And finally, in the third part, even lexically oriented to Scripture, the highest meaning of human life is openly seen, given by the "Wise Meeting" with the "Guide", who simultaneously bears the features of both an ordinary earthly person and a heavenly warrior in shining armor (most clearly associated with Saint Kuzmin - the Archangel Michael, the leader of God's armies).

The autobiographical implications of the first part are obvious, and Kuzmin did not think to hide them from friends, and from many readers as well. "Love of This Summer" is devoted to relations with an unremarkable young man Pavlik Maslov, and Kuzmin's friends of that time easily projected poetry directly onto reality. A typical example is a letter from V.F. Nouvel dated August 1, 1906: “... the third day I saw him (Maslova. - N.B.) in Tauris (Tavrichesky garden. - N.B.). Unfortunately, I could not talk with him for a long time, because I was not alone, but I can say that he is the same as before. And Pierrot's nose, and sly eyes, and juicy mouth - everything is in place (I did not consider the rest)<…>Where is the ease of life that you constantly defended? Can it really lead to such fatal consequences? Then everything collapses and you have betrayed the "flowers of the cheerful earth". And the nose of Pierrot, and Marivo, and the "Marriage of Figaro" - all this is only temporarily taken away from you, and you have to stop loving them completely in order to lose hope of seeing them again and soon. Quotations from the earliest poems of "Love of this Summer", written back in St. Petersburg, before leaving for Vasilsursk on vacation, are quite obvious in the text of the letter. The autobiographical subtext of The Interrupted Tale was just as obvious, especially since it was published for the first time in the White Nights almanac, along with the even more frank story The Cardboard House in this respect (for more details, see below).

However, the last, third part of "Networks", the most sublime and intended for the high end of the collection, was also based on frank autobiography, hidden from the eyes of the ordinary reader, to whom it was supposed to be located on the other side of human existence in the real world.

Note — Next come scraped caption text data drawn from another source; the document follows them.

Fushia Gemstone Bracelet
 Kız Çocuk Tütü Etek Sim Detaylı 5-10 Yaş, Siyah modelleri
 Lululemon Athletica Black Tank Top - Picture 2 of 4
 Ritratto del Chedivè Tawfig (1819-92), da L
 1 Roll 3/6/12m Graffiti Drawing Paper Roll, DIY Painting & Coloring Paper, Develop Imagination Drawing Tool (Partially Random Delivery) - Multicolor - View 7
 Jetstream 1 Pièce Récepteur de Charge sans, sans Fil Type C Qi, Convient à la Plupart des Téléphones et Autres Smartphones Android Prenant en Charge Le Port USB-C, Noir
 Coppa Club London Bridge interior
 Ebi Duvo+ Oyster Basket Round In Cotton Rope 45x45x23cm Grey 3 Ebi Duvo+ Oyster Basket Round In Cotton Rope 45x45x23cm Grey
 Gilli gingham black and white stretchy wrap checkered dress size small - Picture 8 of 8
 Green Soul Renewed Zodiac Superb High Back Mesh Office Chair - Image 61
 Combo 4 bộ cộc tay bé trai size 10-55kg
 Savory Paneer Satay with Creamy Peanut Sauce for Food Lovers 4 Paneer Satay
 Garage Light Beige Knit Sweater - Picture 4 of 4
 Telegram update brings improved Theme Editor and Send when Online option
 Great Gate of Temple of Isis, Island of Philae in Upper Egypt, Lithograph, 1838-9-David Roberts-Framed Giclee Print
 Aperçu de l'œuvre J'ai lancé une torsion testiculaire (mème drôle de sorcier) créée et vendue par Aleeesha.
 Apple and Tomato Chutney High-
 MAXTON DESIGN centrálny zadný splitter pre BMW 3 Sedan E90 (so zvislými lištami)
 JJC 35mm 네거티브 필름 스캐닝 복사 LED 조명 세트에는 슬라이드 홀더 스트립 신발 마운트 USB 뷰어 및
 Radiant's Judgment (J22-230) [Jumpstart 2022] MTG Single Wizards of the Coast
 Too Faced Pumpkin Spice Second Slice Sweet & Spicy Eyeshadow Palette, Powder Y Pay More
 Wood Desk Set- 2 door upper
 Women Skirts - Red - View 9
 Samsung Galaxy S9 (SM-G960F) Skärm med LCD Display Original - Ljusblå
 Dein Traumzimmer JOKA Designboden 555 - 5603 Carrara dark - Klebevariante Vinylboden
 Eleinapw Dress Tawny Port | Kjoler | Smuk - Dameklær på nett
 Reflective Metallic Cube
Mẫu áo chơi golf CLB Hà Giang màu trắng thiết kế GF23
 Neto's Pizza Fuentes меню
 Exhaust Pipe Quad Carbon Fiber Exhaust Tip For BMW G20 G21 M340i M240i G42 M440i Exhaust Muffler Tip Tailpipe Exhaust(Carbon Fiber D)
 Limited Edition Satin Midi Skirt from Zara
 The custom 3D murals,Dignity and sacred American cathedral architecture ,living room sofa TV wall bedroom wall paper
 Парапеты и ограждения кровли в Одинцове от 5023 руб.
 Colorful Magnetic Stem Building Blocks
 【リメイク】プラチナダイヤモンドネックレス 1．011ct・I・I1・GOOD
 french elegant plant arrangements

October 2, 1907. Kuzmin wrote in his diary: “I went to Vyach. Iv.<Иванову>, there this woman Mintslov settled down. Vyach. languid, sad, but not killed, in my opinion. We talked." Anna Rudolfovna Mintslova appeared in the life of the Ivanov family at the end of 1906 or at the very beginning of 1907 and quickly took the place of a trusted person who became aware of all the most intimate secrets of the family, as evidenced by the confessional letters of L. D. Zinovieva-Annibal, excerpts from which are given in the article "Petersburg hafizites". After the death of Zinovieva-Annibal, Mintslova, convinced of her own occult power, launched a decisive attack on Ivanov, trying to bend him to her will. Ivanov's relationship with Mintslova is a special chapter in his biography, but it is significant to note that for Kuzmin this mystical connection did not go unnoticed.

As far as we can judge from Kuzmin's diary entries, he was rather skeptical about all kinds of theosophical, occultist, Masonic and the like concepts. However, the personality of Minclova made a very strong impression on him, supported by his own experiences of this time.

In March 1907, Kuzmin met Viktor Andreyevich Naumov, a friend of M. L. Hoffmann at the cadet school, and fell passionately in love with him. However, endless attempts at rapprochement did not bring success - Naumov did not express much desire to turn acquaintance into an intimate relationship. And then Kuzmin resorted to mysticism.

This was facilitated by the atmosphere established on Ivanov's "tower" after the death of his wife. Ivanov not only listened to the advice of Mintslova, but also came into close contact with B. A. Leman, absorbed in all kinds of mystical teachings, began to cultivate various forms of meditation, which ended in visionary and created the effect of the complete infusion of the soul of Zinoviev-Annibal into his earthly body. And for Kuzmin, who was very close to him at that time, this hobby also did not go in vain.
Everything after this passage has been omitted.